1000G 2010-03 Download
Original data (generated by merging three preliminary call sets: (1) by Jared Maguire and colleagues at the Broad Institute; (2) by Yun Li and Goncalo Abecasis at the
University of Michigan; and (3) by Quang Le and Richard Durbin at the Sanger Institute) are the March 2010 release of phased data from the 1000 Genomes Project,
ftp://ftp.1000genomes.ebi.ac.uk/vol1/ftp/pilot_data/release/2010_03/pilot1/. The CEU dataset contains 120 haplotypes.
Singletons (SNPs with minor allele appearing once) are NOT removed.
The files can be directly fed to mach. We recommend a 2-step imputation procedure:
(step 1) a representative subset of >= 200 unrelated individuals are used to calibrate model parameters; and
(step 2) actual genotype imputation is
performed for every person using parameters inferred in step 1.

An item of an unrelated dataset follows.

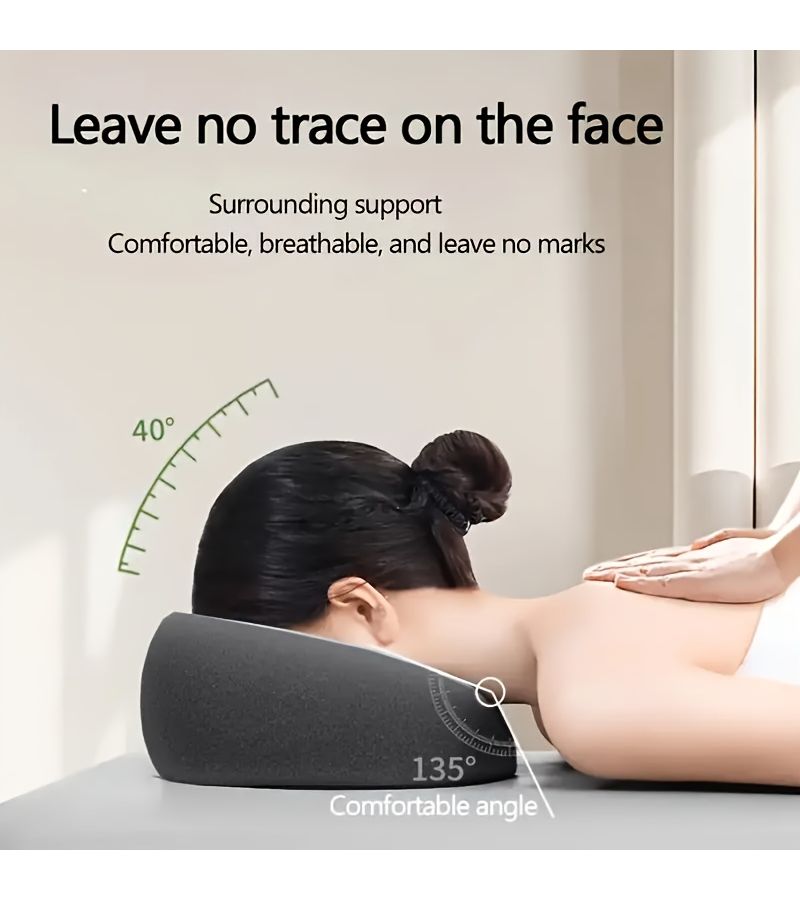 Face Pillow Set T Shaped Chest Pillow Dark Gray For Beauty Beds Facial Massage Table Abdominal Support Shoulder Neck Rest Cushion - Image 4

Example command lines for a 2-step imputation:
mach1 -d sample.dat -p subset.ped -s chr20.snps -h chr20.hap --compact --greedy --autoFlip -r 100 -o par_infer > mach.infer.log
mach1 -d sample.dat -p sample.ped -s chr20.snps -h chr20.hap --compact --greedy --autoFlip --errorMap par_infer.erate --crossoverMap par_infer.rec --mle
--mldetails > mach.imp.log
Report to Yun Li if a large number of genotyped SNPs are discarded due to absence in this
reference. You can check through the following command line
> grep "will be ignored" mach.*.log
Do not turn on --compact if memory is not an issue.